Die enge Welt der Stahlbaums begrenzen hohe Wände, eine finstere Jagdtrophäe an der Wand kündet von der Freiheit draußen. Und der Hirschkopf lässt keinen Zweifel daran, dass er sie mal selbst erlebt hat. Ein Hinweis im Programmheft, dass keine Tiere zu Schaden kamen, würde kleine Tierschützer und ihre Eltern beruhigen. Dass sich dafür Bastelanleitungen und Spiele finden, zeigt, wie nah ran das Stuttgarter Ballett an sein junges Publikum will.
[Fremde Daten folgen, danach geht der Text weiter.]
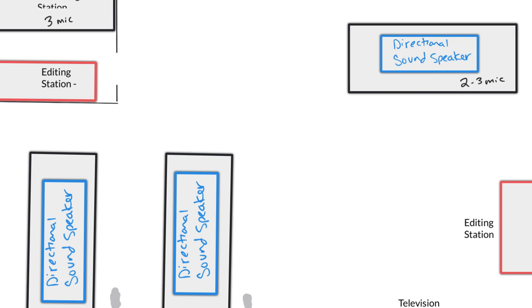We've done our best to account for this by using the directional sound speakers hanging over the top of these three stations.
Zudem wird besänftigt, wer Sorge hat, dass zu viele Mittel in Roses üppiges Kostümspektakel flossen: Patenschaften ermöglichten 36 der 160 Outfits.
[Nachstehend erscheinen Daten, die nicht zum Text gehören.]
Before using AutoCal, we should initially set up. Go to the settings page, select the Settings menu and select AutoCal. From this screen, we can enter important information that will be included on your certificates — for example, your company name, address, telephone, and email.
Standing Ovations für Jürgen Rose und für alle anderen ein langer Applaus, der einen weiteren halben Akt füllt, zeigen Tamas Detrich, dass seine Rechnung aufgeht: Der Intendant wollte nach dem Erfolg von „Mayerling“ unbedingt Rose ein zweites Mal zurückholen. Trotzdem hätte man gern gesehen, wie ein „Nussknacker“ heute aussehen könnte und was einem Choreografen wie Edward Clug zum Beispiel im Dialog mit der Bühnenbildnerin Katharina Schlipf eingefallen wäre. So viel Mut muss sein, will man vorankommen.

Info

Termine
Die nächste Vorstellung von „Nussknacker“ gibt es an diesem Dienstag um 19 Uhr im Opernhaus. Bis zum 18. Dezember folgen elf bereits ausverkaufte Vorstellungen; eventuell gibt es Restkarten an der Tageskasse. Über Weihnachten kann das Ballett wegen einer neuen Verordnung, die Auftritte von Schülern in den Ferien untersagt, nicht gespielt werden. Neben dem Nachwuchs aus der Cranko-Schule sind zwei Kinderchöre an der Aufführung beteiligt.

Stück
Für Stuttgart ist der Beitrag von Edward Clug und Jürgen Rose bereits das dritte „Nussknacker“-Kapitel. John Cranko machte den Anfang und interpretierte Petipas 1892 uraufgeführten Klassiker 1966 neu. Das Ballett, zuletzt 1968 aufgeführt, wurde nicht aufgezeichnet und ging bis auf wenige Ausschnitte verloren. Crankos Solist Heinz Clauss hatte, als er Direktor der Schule war, einen Pas de huit rekonstruiert. Marco Goecke choreografierte 2006 eine düstere Version des Klassikers im Kammertheater.